Старый перун замешкался.

— Вернёшься?

— А то!

— Честно?

— Честно-пречестно.

Сирена что-то свистнула в большое ухо своего хозяина, и он снисходительно кивнул.

— Видишь паланкин? — Он указал сторону, где сразу засияли молнии. — Тебе туда.

— Это... — Ляпис не стала договаривать, надеясь, что паланкин просто похож на когда-то принадлежавший верховной главнокомандующей. — А, вот он где. Спасибо.
 
Поначалу Лазурит сомневалась, но после беседы заключила, что никакой Перун не бог, а просто напыщенный, недальновидный человек.

У самых врат смерти была припаркована Волга, на которой выпивохи собирались везти окоченевшего забулдыгу. Из пустой машины незаметно выпорхнул механический соловей. Он уцепился за юбку драгоценной леди и закачался на тонкой ткани.

— Чего тебе? Неужели не понимаешь, что мне сказали с тобой сделать?

Соловей молчал. «Завод хранит,» — решила Ляпис.

— Уверен, что хочешь остаться? Я иду в гости к мертвецам!

Птица только моргнула, дав понять, что завод ещё есть, и она действительно намерена составить Ляпис компанию.

— Надеюсь, толерантный правитель мира мёртвых не будет сильно зол, если я принесу к нему на приём животное? — Сказала Ляпис, при этом думая: «Интересно, насколько разозлится Озукот, если соловей погибнет таким банальным способом?»

Снаружи по-прежнему громыхало, но в паланкин не проникали звуки. Не проникал даже свет радостных молний. К тому же, куда-то делся соловей. Пока она решала, чем осветить густую темноту, резко вспыхнул жгучий свет, какой она видела только днём, вернув свои крылья.

— У тебя мало времени. — Раздался самый тёплый, самый искренний во всех измерениях голос.

Ляпис попыталась прозреть. Мёртвый мир был очень тесен, в нём пахло болотом. Там находилась всего одна полка с гибнущими от сырости книгами, заляпанная тумбочка, кованая этажерка с какими-то пылесборниками, а напротив этажерки парта. Сверху был источник голоса и света, но Ляпис не смогла поднять своих незащищённых глаз, недосуг ей было слепнуть. Она вслух зачитала корешки на полке:

— Борн, хрестоматия,  Лермонтов II, Евтушевский задачник, хрестоматия,  Шкляревский...  — На правах образовательного ценза бога мёртвых, она достала какое-то тонкое издание в мягкой обложке, — «Дело», книга рецептов, «Складчина», хрестоматия...

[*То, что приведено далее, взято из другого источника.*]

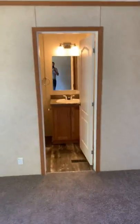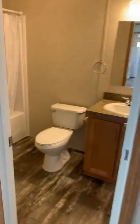This is the master bedroom with its own en suite and walk-in closet.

— Memento tempus! — Раздалось с потолка.

На парте стоял объёмный портрет породистого мужчины. Он ни о чём не сказал Ляпис, и та отвернулась к этажерке, где её сразу встревожила гипсовая одигитрия с двумя конвертами в руках. На конвертах было имя: «Эли». Присмотревшись, Ляпис поняла, что вся этажерка заставлена предметами, напоминавшими о всех, кого им с Кромвелем довелось повстречать, только ничего, что напомнило бы о пони, шершне или пропащей девочке. И одигитрия непойми откуда взялась. И странная голова. И непонятные книги. И ещё какой-то маленький камушек.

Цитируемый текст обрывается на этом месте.